Basements are often used as places for storage, where things like the cat litter gets put, and your laundry machines hang out. Not a lot of homeowners spend time down there because they are dark, dank, spaces that aren’t particularly welcoming.
While they can be turned into usable space, like kids play rooms or extra living quarters, homeowners don’t always have the funds to do a complete reno, and instead DIY the space to make it work for their needs.
These unfinished spaces hold a lot of moisture and extra humidity because of where they are located and how they are built. To make your space more comfortable, here are some ways to reduce basement humidity.
Why Is It Humid?
Basements are prime suspects for humidity because they are located underground, and usually surrounded by cement or other masonry materials like concrete blocks, which hold in moisture. Ground that is below grade always holds moisture, as well, so it's inevitable that it will seep in through the walls and the floor.

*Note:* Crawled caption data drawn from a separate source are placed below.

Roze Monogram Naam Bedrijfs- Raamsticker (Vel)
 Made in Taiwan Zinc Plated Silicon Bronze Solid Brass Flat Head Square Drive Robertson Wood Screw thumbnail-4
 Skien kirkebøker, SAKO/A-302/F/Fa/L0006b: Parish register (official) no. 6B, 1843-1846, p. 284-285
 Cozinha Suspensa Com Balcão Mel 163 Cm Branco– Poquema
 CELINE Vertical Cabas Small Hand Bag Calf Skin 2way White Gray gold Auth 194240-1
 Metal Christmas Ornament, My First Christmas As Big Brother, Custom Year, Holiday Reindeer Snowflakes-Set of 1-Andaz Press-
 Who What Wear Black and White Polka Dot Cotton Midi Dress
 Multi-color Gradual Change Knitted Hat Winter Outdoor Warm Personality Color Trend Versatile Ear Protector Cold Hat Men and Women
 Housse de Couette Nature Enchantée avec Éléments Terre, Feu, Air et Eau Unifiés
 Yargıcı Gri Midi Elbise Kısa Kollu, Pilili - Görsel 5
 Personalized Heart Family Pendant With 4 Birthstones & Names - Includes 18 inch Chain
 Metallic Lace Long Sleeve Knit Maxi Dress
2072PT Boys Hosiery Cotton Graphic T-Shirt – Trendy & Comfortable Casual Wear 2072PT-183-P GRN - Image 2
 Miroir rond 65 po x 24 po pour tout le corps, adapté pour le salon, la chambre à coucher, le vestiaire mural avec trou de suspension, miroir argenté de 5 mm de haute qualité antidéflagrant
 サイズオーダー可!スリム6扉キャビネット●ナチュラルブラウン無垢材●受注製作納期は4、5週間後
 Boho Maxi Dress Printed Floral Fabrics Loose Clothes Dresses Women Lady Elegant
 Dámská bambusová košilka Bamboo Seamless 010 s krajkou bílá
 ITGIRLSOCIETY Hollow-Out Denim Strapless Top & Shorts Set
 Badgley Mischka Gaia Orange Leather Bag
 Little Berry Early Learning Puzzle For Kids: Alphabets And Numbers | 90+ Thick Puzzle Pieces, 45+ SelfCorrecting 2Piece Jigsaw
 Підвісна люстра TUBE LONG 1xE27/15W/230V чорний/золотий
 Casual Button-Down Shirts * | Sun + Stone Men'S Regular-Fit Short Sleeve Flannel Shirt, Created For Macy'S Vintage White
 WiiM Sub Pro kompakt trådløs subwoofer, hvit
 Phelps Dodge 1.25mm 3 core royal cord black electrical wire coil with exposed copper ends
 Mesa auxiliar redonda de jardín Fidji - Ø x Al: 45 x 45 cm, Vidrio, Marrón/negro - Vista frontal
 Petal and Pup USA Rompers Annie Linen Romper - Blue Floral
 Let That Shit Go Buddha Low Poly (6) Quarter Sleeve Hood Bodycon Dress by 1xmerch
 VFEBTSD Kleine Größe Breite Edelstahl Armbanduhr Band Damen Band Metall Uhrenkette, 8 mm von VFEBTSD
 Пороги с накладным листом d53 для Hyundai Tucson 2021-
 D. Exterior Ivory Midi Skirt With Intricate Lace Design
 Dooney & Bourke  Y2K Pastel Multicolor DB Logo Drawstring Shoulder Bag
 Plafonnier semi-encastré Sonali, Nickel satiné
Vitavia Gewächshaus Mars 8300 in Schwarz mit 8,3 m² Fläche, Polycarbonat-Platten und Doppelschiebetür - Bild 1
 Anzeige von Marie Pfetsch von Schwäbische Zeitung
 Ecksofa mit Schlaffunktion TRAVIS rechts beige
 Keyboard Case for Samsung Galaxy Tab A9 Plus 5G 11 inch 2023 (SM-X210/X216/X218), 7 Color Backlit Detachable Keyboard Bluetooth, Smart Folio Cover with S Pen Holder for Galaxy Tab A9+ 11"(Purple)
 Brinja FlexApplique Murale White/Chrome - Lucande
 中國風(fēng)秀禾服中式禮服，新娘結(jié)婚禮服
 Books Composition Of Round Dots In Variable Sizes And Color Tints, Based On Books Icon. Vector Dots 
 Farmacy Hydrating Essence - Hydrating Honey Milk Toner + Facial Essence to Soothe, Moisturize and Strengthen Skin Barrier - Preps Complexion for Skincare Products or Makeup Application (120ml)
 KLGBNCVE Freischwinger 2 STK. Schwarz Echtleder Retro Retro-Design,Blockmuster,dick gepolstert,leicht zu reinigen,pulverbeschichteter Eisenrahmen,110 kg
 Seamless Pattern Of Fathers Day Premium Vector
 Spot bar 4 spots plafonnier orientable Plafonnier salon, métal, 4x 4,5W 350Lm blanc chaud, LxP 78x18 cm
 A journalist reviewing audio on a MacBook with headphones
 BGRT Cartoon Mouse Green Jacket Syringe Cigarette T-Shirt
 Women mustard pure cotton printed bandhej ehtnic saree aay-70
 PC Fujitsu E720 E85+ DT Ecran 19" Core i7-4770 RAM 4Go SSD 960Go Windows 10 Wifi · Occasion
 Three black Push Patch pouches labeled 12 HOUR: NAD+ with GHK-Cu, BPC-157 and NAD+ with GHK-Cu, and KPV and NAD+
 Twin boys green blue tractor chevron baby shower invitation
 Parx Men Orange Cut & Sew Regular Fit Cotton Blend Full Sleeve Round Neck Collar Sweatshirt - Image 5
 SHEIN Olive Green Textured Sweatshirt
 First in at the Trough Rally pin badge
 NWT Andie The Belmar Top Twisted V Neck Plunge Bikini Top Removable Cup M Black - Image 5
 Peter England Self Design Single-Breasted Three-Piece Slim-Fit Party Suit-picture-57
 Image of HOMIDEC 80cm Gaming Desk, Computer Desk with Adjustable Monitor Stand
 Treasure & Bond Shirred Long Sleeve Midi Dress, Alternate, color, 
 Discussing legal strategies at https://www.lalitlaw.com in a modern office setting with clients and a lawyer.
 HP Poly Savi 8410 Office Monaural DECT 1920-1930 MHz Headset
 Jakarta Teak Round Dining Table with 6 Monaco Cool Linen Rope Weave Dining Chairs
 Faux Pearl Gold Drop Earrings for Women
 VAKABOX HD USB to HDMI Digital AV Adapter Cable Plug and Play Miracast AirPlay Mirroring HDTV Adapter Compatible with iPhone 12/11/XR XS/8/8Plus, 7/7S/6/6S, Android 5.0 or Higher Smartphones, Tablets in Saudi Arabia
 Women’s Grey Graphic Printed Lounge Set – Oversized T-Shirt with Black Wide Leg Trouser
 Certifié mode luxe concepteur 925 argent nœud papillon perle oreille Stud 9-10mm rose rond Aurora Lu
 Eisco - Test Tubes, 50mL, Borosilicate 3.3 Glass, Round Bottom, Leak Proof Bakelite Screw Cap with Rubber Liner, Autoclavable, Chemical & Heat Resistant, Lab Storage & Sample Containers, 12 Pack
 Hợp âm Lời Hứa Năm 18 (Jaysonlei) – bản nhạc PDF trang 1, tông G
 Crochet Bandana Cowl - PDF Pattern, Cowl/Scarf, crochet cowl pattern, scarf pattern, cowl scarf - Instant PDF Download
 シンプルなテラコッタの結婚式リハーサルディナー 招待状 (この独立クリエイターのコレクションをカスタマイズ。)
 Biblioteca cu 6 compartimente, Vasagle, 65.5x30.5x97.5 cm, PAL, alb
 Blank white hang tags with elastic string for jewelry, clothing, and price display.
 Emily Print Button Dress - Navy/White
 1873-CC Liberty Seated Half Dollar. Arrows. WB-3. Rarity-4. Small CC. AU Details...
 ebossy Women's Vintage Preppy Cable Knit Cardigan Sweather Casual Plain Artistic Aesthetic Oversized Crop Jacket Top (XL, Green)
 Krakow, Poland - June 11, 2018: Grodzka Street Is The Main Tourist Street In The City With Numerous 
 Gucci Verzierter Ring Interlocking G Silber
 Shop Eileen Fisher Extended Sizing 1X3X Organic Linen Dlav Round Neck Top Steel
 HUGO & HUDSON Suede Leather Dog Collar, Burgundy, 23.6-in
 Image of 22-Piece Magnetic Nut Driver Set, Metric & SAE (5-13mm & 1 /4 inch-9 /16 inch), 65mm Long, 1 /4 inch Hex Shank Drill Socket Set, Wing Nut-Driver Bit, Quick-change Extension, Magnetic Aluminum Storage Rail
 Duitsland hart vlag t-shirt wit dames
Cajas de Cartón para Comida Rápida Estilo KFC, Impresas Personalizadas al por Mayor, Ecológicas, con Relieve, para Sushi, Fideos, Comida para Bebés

It also maintains a moderately cool temperature no matter what the season is, so when temps fluctuate above ground, the battle between hot and cold air will cause excess humidity. Grading issues, foundation problems, and leaks will only exacerbate the issue.
Basements are often built with lower ceilings than the rest of the house, and with minimal windows. Small, dark spaces will hold humidity more than airy, well-lit ones, where natural sunlight and airflow can naturally fend off extra moisture in the air.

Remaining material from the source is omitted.